The rationale behind the LRT conversion has nothing to do with cost (that's a secondary benefit) and everything to do with capacity in the core. Stand on the Transitway during rush hour and you'll see bunching like you can't even imagine in a Toronto nightmare. The LRT conversion is their version of building the DRL. They aren't building it because it's fashionable. They are building it because they need the capacity. The same can't necessarily be said about transit developments in Toronto. If cared about necessity, the DRL would come before any Transit City line.
Yet Ottawa did it's BRT a little differently than Curitiba (the two biggest BRT success stories.)

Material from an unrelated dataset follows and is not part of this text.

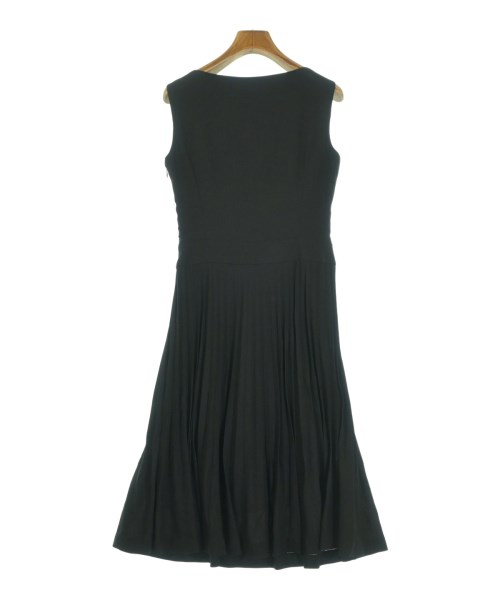 OLD ENGLAND（オールドイングランド）ワンピース 黒 サイズ:36(XS位) レディース/2200640309039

What Curitiba has is a network of medium-capacity, 25 km/h BRTs all over the city. Honestly, they're everywhere. And through the core, they don't merge together into one mega-BRT. They all remain separate on their own routes.
Ottawa uses it's transitway much more like a real RT, like a subway, and all of it's routes end up piling onto one line during rush hour, moving at real RT-like speeds. This is really comparable to how the YUS gets it's 600k ppd ridership.
So there's a radically big difference between the two. In Ottawa's case, there was inevitably going to be a time when the system had to be upgraded due to the massive congestion in the core. In that sense, it'd be directly comparable to Toronto's DRL needs. But in Curitiba's case, the system is ripe to be expanded even further, just requiring another BRT trunk line along one of the city's main streets, taking another route downtown. It greatly increases the capacity and reach of the system, and so they now have more RT coverage than the GTA would get if all the MO2020 projects got completed (comparatively by size.)

But Toronto's at the point of no return for a Curitiba-style BRT network. We've already built higher order transit through the core, and so a BRT would be redundant, just funneling people onto the B-D or YUS instead of whisking them downtown. Only another real RT line would be able to compete (which is why we're building the DRL.) And just Toronto's geography is working against it. Curitiba is a city of about 3.6 million which sprawl out in all directions. Toronto's 5.5 million all sprawl on one half of a circle, due to the lake being in the way. This basically doubles the average travel time, and also makes it so the system has to handle a massive stacking on of new passengers as it approaches the core. In that sense, the bigger speed and vastly bigger capacity are needed. A BRT network never would have and never will work with Toronto, so BRT's left to use in suburban transitways and as European-style LRT routes.